**TASK ITEM**
From the line that contains "Canne à Pêche Pieuvre" to the final line of the entries below, write out every line exactly as it appears, and nothing else.

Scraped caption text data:
*** Block opens ***

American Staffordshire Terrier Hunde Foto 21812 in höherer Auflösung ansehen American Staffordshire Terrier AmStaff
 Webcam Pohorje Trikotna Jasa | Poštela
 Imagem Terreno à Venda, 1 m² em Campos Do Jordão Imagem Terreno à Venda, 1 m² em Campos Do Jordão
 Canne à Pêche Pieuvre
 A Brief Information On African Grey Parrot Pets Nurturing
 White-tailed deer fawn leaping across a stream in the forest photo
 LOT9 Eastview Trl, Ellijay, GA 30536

*** Block closes ***

**TASK ANSWER**
 Canne à Pêche Pieuvre
 A Brief Information On African Grey Parrot Pets Nurturing
 White-tailed deer fawn leaping across a stream in the forest photo
 LOT9 Eastview Trl, Ellijay, GA 30536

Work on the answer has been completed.